WHAT YOU ARE ASKED TO DO: Reproduce each line, exactly, from the one containing "The mode C can" through the end of the material. Exclude pictures.

DATASET CONTENT:

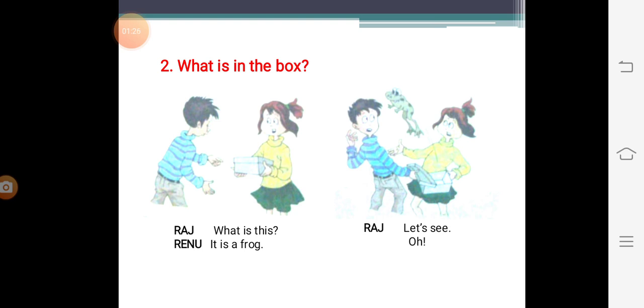And as soon as he opens the box, what happens? The frog jumps on Raj's face and he says, oh.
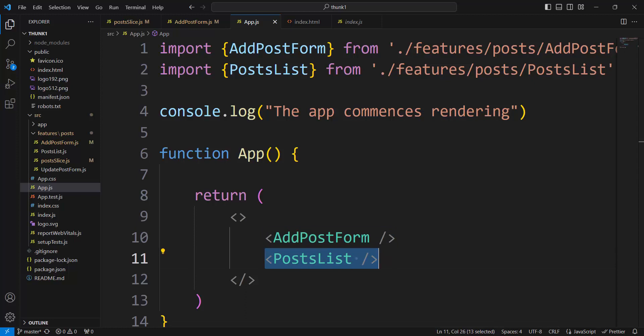Add post form render it only one time. Initial rendering. Because there is no need for re-rendering.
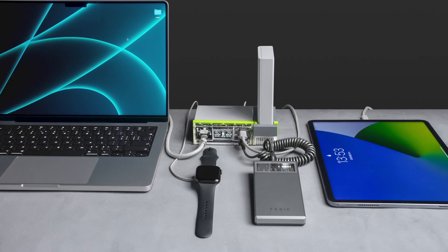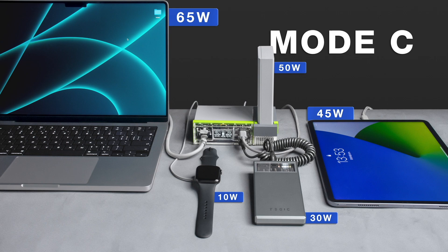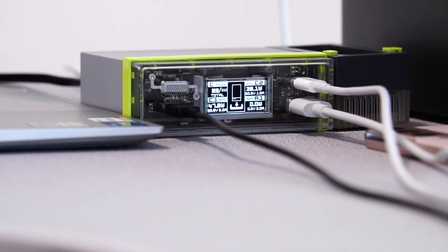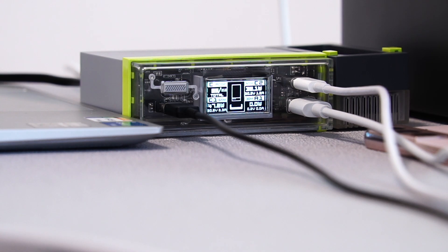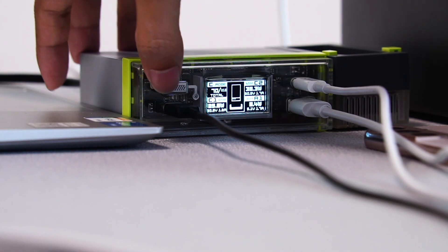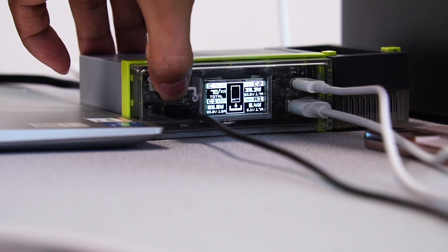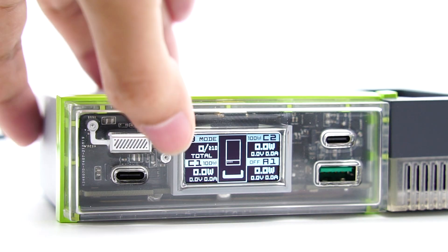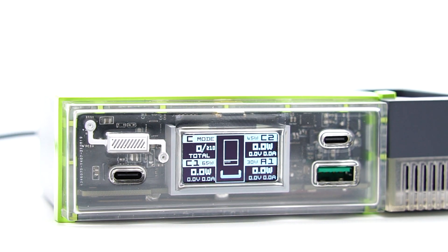The mode C can provide stable power output for each port and lower audible noise. USB A1 and A2 can support 30W and 10W. USB C1 and C2 can support 65W and 45W. You can long press the upper-left button to switch different modes.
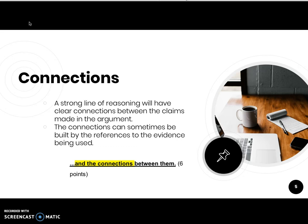What is a connection? A strong line of reasoning will have clear connections between the claims made in the argument. The connections can sometimes be built by references to the evidence being used, but at other times it might just be obvious because they are all centered around the same subject. The end-of-course exam asks us to identify those claims and the connections between them. If we want to score well, we need to identify and discuss those connections — whether they are strong and obvious, or flawed because the claims, evidence, and reasoning seem somewhat unrelated or illogical.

RESPONSE AREA:
The mode C can provide stable power output for each port and lower audible noise. USB A1 and A2 can support 30W and 10W. USB C1 and C2 can support 65W and 45W. You can long press the upper-left button to switch different modes.
What is a connection? A strong line of reasoning will have clear connections between the claims made in the argument. The connections can sometimes be built by references to the evidence being used, but at other times it might just be obvious because they are all centered around the same subject. The end-of-course exam asks us to identify those claims and the connections between them. If we want to score well, we need to identify and discuss those connections — whether they are strong and obvious, or flawed because the claims, evidence, and reasoning seem somewhat unrelated or illogical.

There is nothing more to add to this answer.